Kamel represents that newly vocal sector of the Egyptian population that opposition parties have long referred to as the silent majority — but is now widely known as the Facebook generation. There are millions of them; middle and lower class Egyptians — many under 35 — who have long complained of regime corruption, unemployment, and police brutality, but who, without ties to any political party or local leadership, were never motivated to take to the streets. "We were all regular young people," Kamel says. "It was never about politics."

More often, it was about anxiety over jobs and marriage, and a burning animosity toward a central authority and its foot soldiers that Kamel says treated him and others like creatures they could kick around and squash. "The police treated us like we were a different kind of humans," he says. He remembers falling off a train once, only to get assaulted by a police officer. "Instead of helping me, he hit me because I was lying there on the platform, which you're not supposed to do."

For a couple of years, Kamel blogged about his frustrations. "It was a sarcastic blog," he says, because humor is an important way the Egyptians have learned to cope with the hardship in their lives. "I wrote about anything that I felt was wrong." Kamel's mother thought he was wasting his time. "I didn't want him sitting at the computer so much," she says. "I wanted him to study, get a diploma, get a job, and not get involved in politics."

But then, all of Kamel's frustrations — and suddenly, his raison d'être — came into sharp relief one day with the news of another man named Khaled. "I was shocked by the picture of Khaled Said's face," he says. "I needed to do something about it." Said, a businessman, was eight years older than Kamel when he was beaten to death on an Alexandria street by plainclothes cops in June of last year. He was just another young computer nerd like Kamel. But his death — and the gruesome picture of his smashed face that circulated on the internet soon after — attracted more than 100,000 people to join a facebook page that would later help send thousands into the streets on Jan. 25, 2011.

Back in June, the page's then-anonymous administrator, Middle East Google executive Wael Ghonim, came up with the idea of organizing Said's large Facebook following in order to stage a series of silent, black-clad vigils. Kamel took a train half-an-hour north to Alexandria with a small, new Kodak camera. He filmed the first vigil and posted it on Facebook. Ghonim noticed, and soon, they were chatting regularly over gmail, talking strategy and planning for the months ahead.

Last week, shortly after Kamel learned Ghonim's identity for the first time, the two joined other activists on the popular Egyptian talk show "10'o'clock at Night" to talk about how they — a bunch of unknowns — had helped launch a revolution.

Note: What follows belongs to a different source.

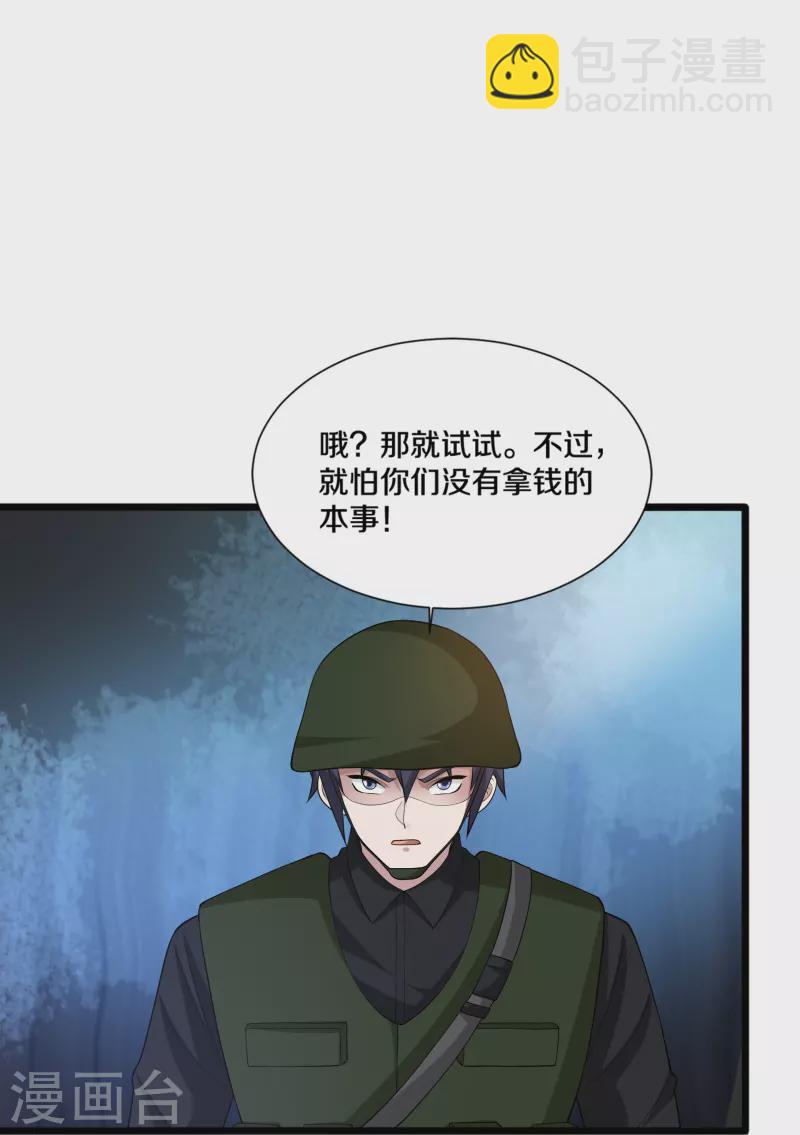 🍼都市邪王 第245话 白给的僵尸兄弟 第16页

It was a startling success for a silent majority that, Kamel insists, cares little about Egypt's traditional political groups like the Muslim Brotherhood or the liberal Wafd party. "I don't care who ends up running this country, as long as I have the ability to change them if I don't like them," he says. "We just wanted to make the country ours. Our country — meaning we're not going to wait for someone else to fix it."

Outrage over Said's death had set the ball in motion, but it was the Tunisian revolution in January that confirmed that Kamel and Ghonim and others could make it a serious game. "There were a lot of people ready to do it," Kamel says of his and other youth activists' planning in the lead-up to the Jan. 25 protests, "But when they saw that the revolution in Tunisia succeeded, they realized that it was possible."